• Problem statement
Please set down, with no changes, every line of the material below from the one containing "Candler Casa |" through the end. Skip the pictures.
*** Block opens ***
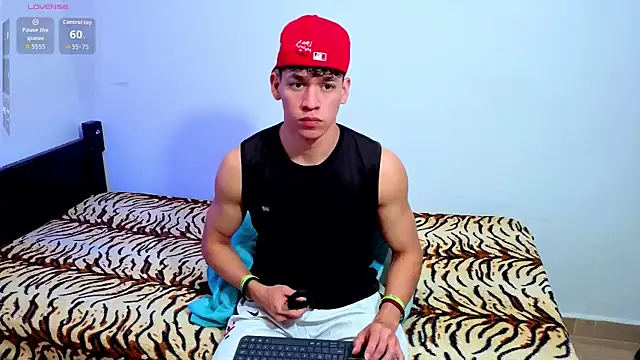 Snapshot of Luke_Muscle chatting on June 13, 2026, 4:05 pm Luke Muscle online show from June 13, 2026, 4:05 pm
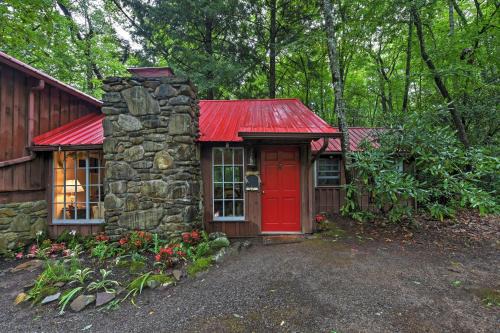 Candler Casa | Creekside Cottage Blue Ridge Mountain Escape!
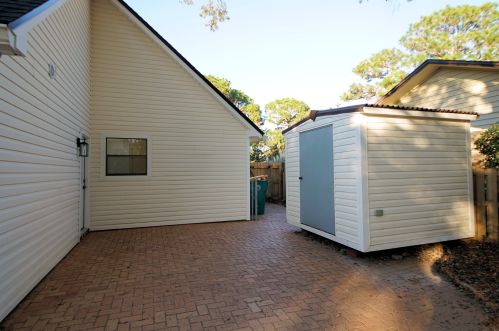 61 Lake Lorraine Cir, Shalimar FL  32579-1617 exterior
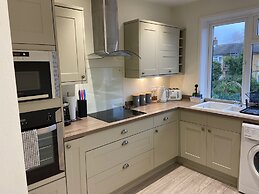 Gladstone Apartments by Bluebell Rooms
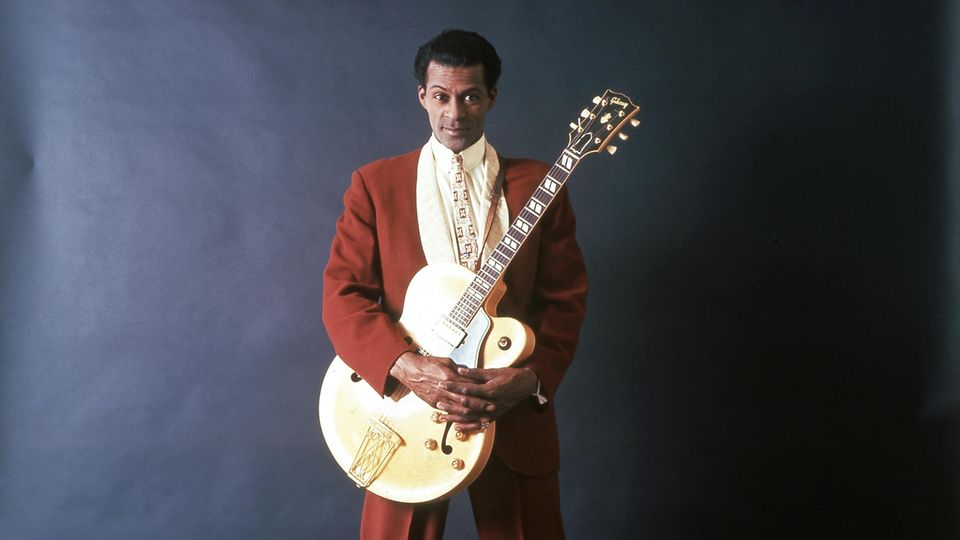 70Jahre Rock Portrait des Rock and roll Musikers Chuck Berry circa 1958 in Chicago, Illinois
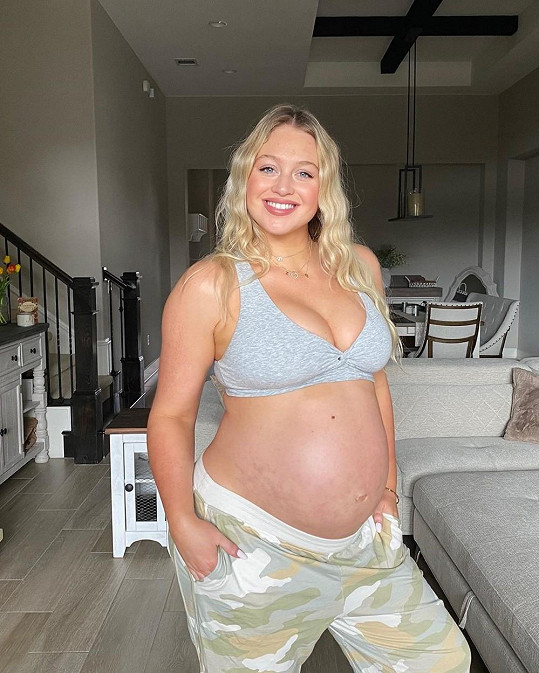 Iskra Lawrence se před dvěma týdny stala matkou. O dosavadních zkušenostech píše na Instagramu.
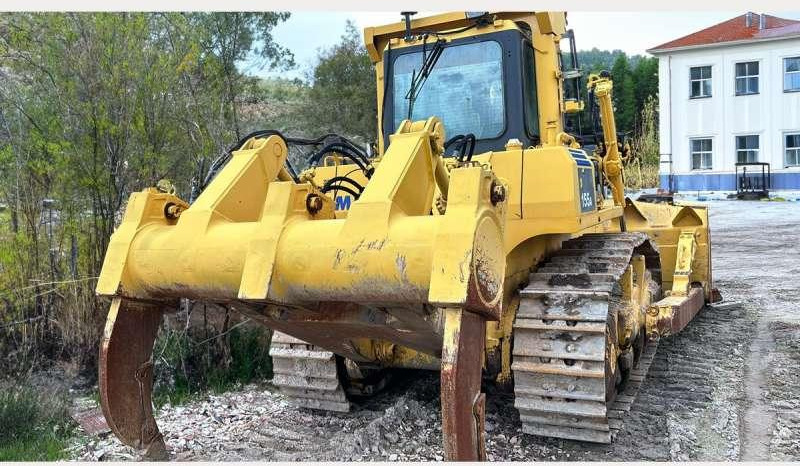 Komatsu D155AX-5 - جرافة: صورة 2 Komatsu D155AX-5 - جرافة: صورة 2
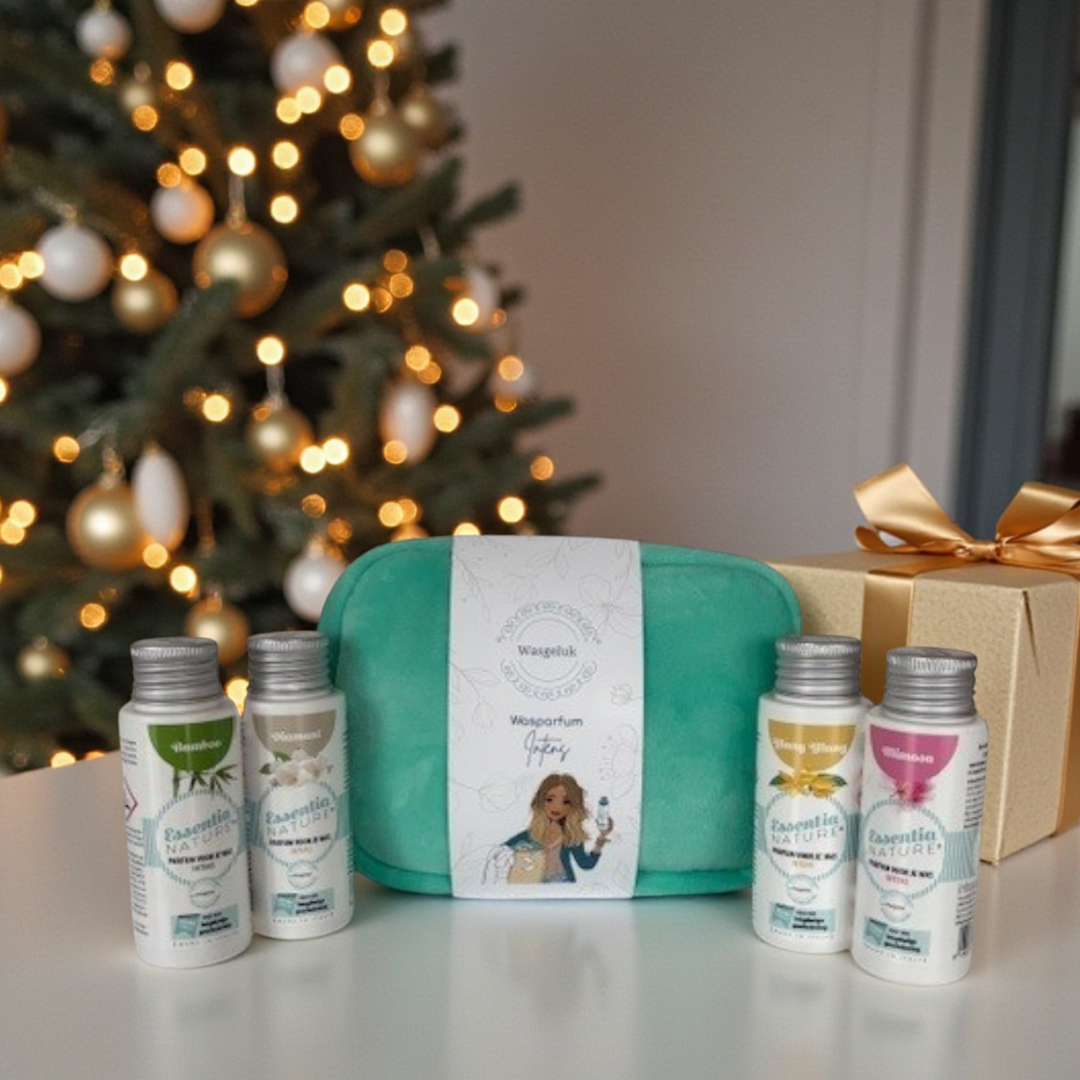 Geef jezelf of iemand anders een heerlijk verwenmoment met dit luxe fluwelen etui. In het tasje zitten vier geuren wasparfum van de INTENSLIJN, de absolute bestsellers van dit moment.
*** Block closes ***
• The answer
 Candler Casa | Creekside Cottage Blue Ridge Mountain Escape!
 61 Lake Lorraine Cir, Shalimar FL  32579-1617 exterior
 Gladstone Apartments by Bluebell Rooms
 70Jahre Rock Portrait des Rock and roll Musikers Chuck Berry circa 1958 in Chicago, Illinois
 Iskra Lawrence se před dvěma týdny stala matkou. O dosavadních zkušenostech píše na Instagramu.
 Komatsu D155AX-5 - جرافة: صورة 2 Komatsu D155AX-5 - جرافة: صورة 2
 Geef jezelf of iemand anders een heerlijk verwenmoment met dit luxe fluwelen etui. In het tasje zitten vier geuren wasparfum van de INTENSLIJN, de absolute bestsellers van dit moment.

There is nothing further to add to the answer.